‘I came to a college of hotel management as a supply teacher after the year had begun and I was catapulted into endless meetings of the class council, without anything to help me sort out names, faces and backgrounds. What I found in the college was not very encouraging. It was difficult, my colleagues said, to motivate and teach the students, especially in the younger classes. I had to forget the rich and fascinating experience I’d had the previous year with High School students and change my whole approach and teaching methods. I began an exciting adventure that immediately forced me to put myself on the line and accept the challenge.
‘I am a nun. This not only shocked my students, but it made them ask thousands of questions. I didn’t let tough comments or jokes put me off my stride. So, I found myself sharing with them something about my life, my vocation, my reason for going into teaching.

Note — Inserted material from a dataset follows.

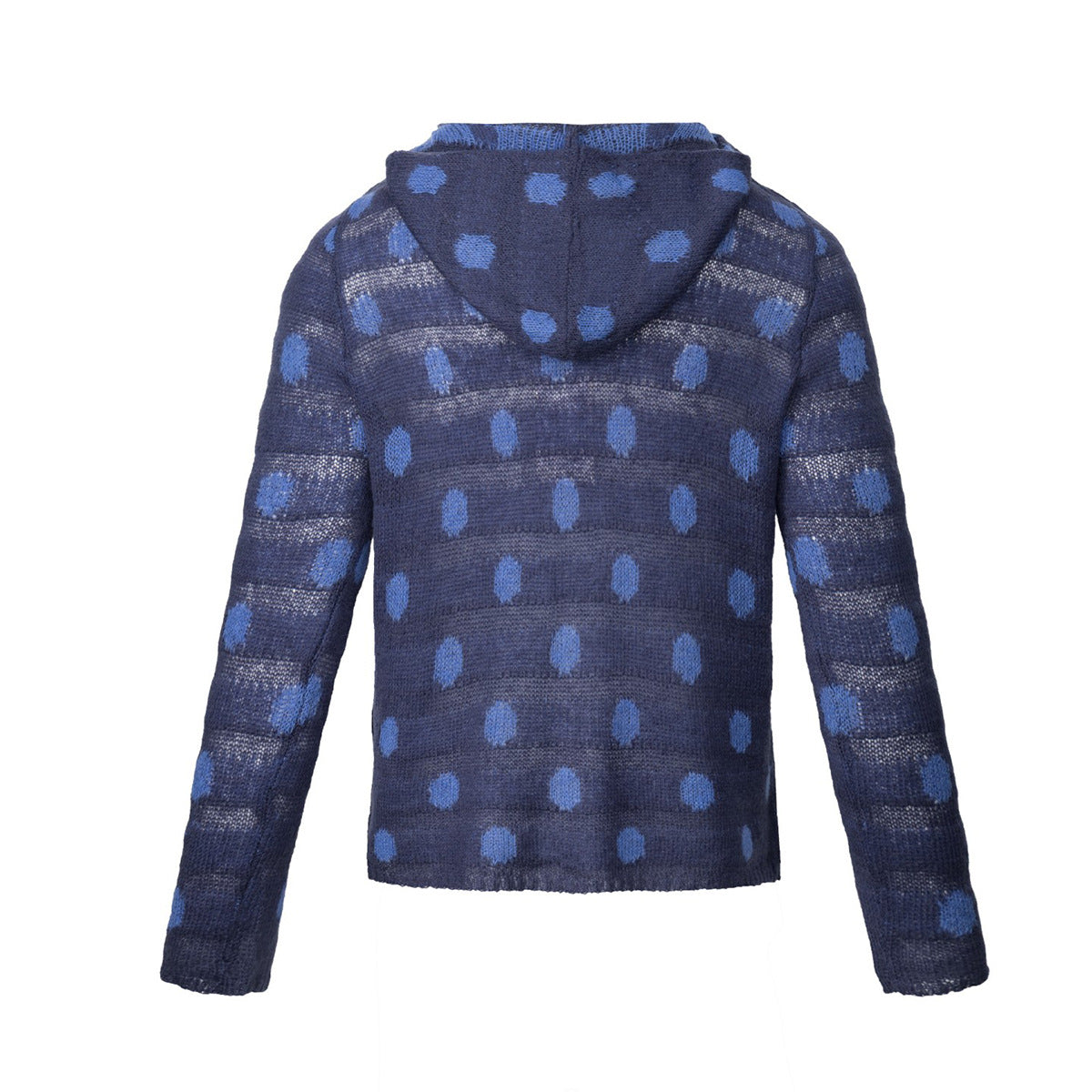 Pull hoodie en maille à pois – Pullover rayé semi-transparent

The first step was to begin forming a relationship, to start doing things together. Bit by bit, we became more open with one another and I began to put questions to the young people. I didn’t start with philosophical issues, but with everyday things that demand some kind of meaning: why should I get up in the morning, why should I study, be realistic, love, suffer…?

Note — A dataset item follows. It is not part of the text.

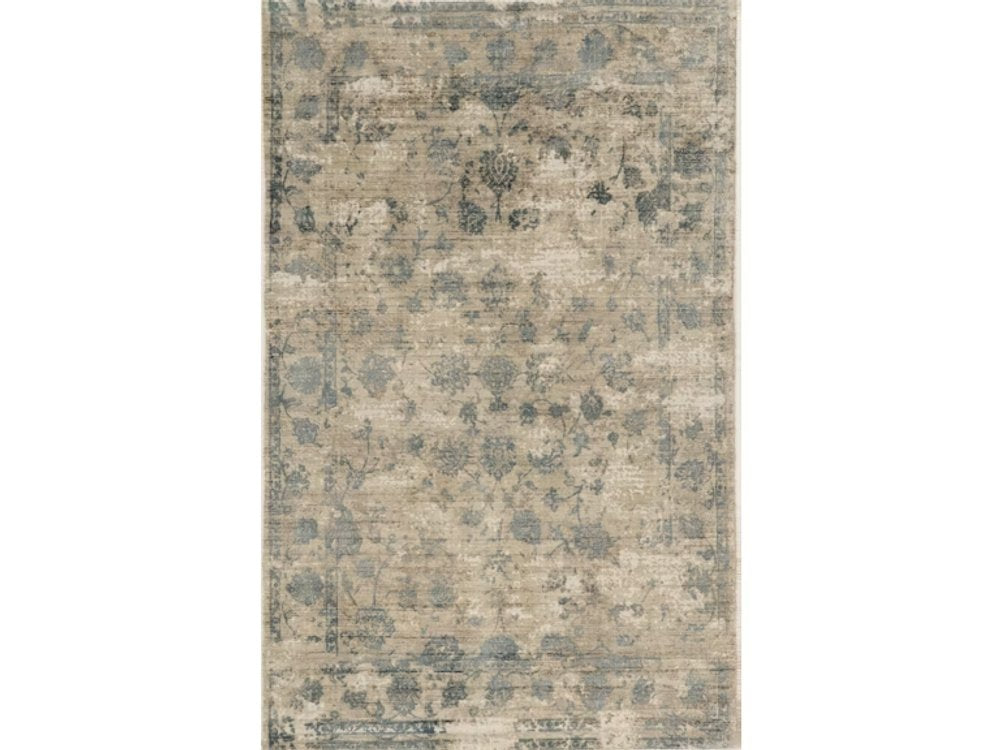 3' X 5' Beige And Blue Floral Medallion Hand Loomed Area Rug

Are we aware of what we’re living? This question struck the students like lightning and made them all pull a face somewhere between laughter and pain. Having punctured a hole in their apathy, I pressed on: what is the value of the human person, individual responsibility, the search for God in people and in history? One of them, surprised that the class was listening, joked that ‘Some of us have started thinking!’ Then, with one of my colleagues, we began to build up mutual respect and she and I worked together on the basis of our subjects. We looked out bits of literature or poetry that talk about the longing for real happiness…
The students responded. They felt they were being taken seriously. They got involved with the lessons. To explain the religious sense, I suggested pieces of music that express how people feel in front of the question of meaning. Following the lyrics, the young people were faced with Bob Dylan’s ‘suspension of disbelief’, Guccini’s ‘scepticism’, Bono from U2’s ‘I still haven’t found what I’m looking for’, and I asked them: ‘Where are you in all this?’ One of them put up his hand: ‘I write poetry. Would you like to hear something I’ve written?’ A friend of his accompanied him and, doing a rap, he told the painful story of the death of a school friend. It was heartfelt: what is the human response to suffering, to finitude, to death? Recalling John Paul II, I suggested looking at his reflections during the Jubilee Celebrations for Artists. Replying to Dylan he had said that the answer was not blowing in the wind. Someone had claimed to be the answer: Jesus Christ. And this was the beginning of an understanding of Christ.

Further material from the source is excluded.